FORTH (http://www.forth.gr) was established in 1983 and is one of the largest research centers in Greece with well organized facilities, highly qualified personnel and a reputation as a top-level research foundation worldwide. FORTH consisting of seven research Institutes and it is a Centre of Excellence involved in advanced research in biology, applied physics, computer science, applied mathematics, chemistry and chemical engineering, and the humanities.

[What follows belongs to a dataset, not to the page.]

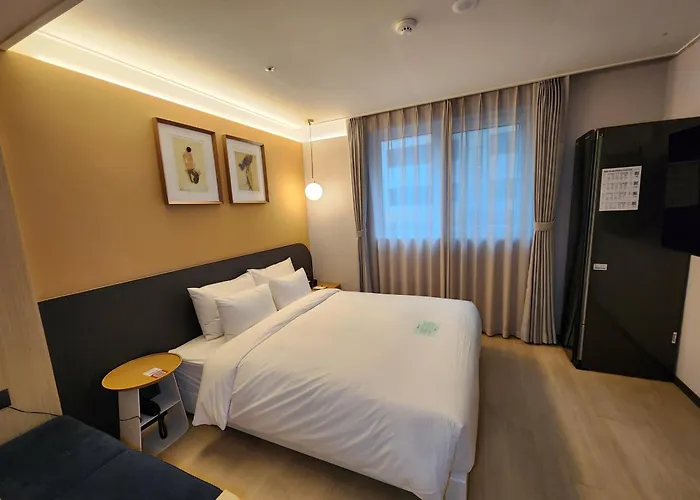 Hound Station 3* Pusan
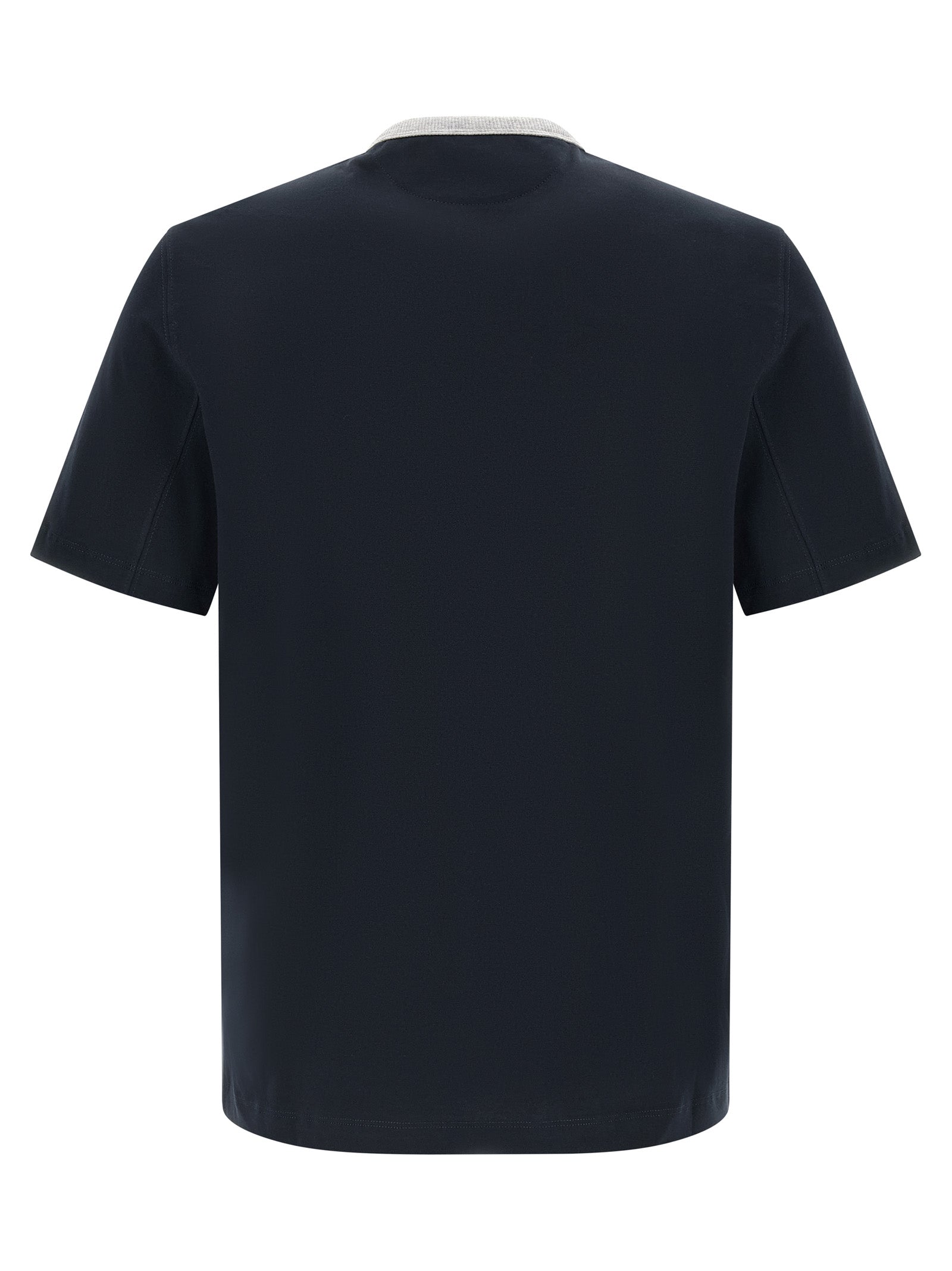 T-Shirt by Brunello Cucinelli for men in cotton blue & print features a plush silhouette, showcasing a sophisticated and for a truly plush finish.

The Institute of Applied and Computational Mathematics (http://www.iacm.forth.gr) is one of the Institutes of FORTH mainly concerned with issues related to numerical analysis, environmental and physiological flows and non-linear wave phenomena, Earth Observation (EO), Geographical Information Systems (GIS), spatial statistical modeling and Decision Support Systems (DSS). The emphasis of the work out carried in the Institute of Applied and Computational Mathematics is on the development of tools and methods aimed to assist regional, urban and environmental planning as well as on the development of new techniques and software for computational fluid dynamics, computational aeroacoustics, and computational wave propagation. The Institute concentrates on the application of techniques from the fields of mathematics, physics, geography, applied informatics, remote sensing, statistics, operations research, city planning and economics.
EO is a key research direction in FORTH, intensifying the R&D efforts for the development of operational applications using GIS and remote sensing technology that can lead to decision support systems in the domains of environmental monitoring, urban planning, transportation applications, and health. Emphasis is also given to the synergy of remote sensing, numerical models and GIS in urban environmental studies.
CESBIO (http://www.cesbio.ups-tlse.fr/index_us.htm) is a joint laboratory of the Centre National d'Etudes Spatiales (CNES), the Centre National de la Recherche Scientifique (CNRS), the Université Paul Sabatier, Toulouse (UPS), and the Institut pour la Recherche et le développement. The 3 major axes of CESBIO are: 3D integrated modeling of continental surfaces: radiative transfer (for remote sensing simulation and 3D radiative budget), vegetation growth, hydrology; Remote sensing space missions; and Observatories (Regional Space Observatories in South Western France and Morocco delivering web map services). CESBIO is organized in 2 research teams, functioning modeling and remote sensing of continental surfaces. They develop models that describe the process of exchanging energy and matter at the interface Soil - Vegetation - Atmosphere and simulate remote sensing measurements. The approach relies on the collaboration of research in physics and ecology, and collaboration with CESBIO projects and preparation of space missions. The models (simulation of landscapes and / or physical and biological processes involved) are based primarily on "mechanistic" approaches, which depends on the complexity of these processes and the structure of landscapes. Thus, it will be one-dimensional (1D), two-dimensional (2D) or three-dimensional (3D) depending on the objectives and environments studied. Two types of modeling are developed and implemented. Radiative transfer modeling to simulate remote sensing data and radiation budget. Integrated modeling of all processes (water flow, photosynthesis,...), which determine the functioning of land surfaces. A key point is that the 2 modeling approaches are complementary. The heterogeneity of the environment is a major concern.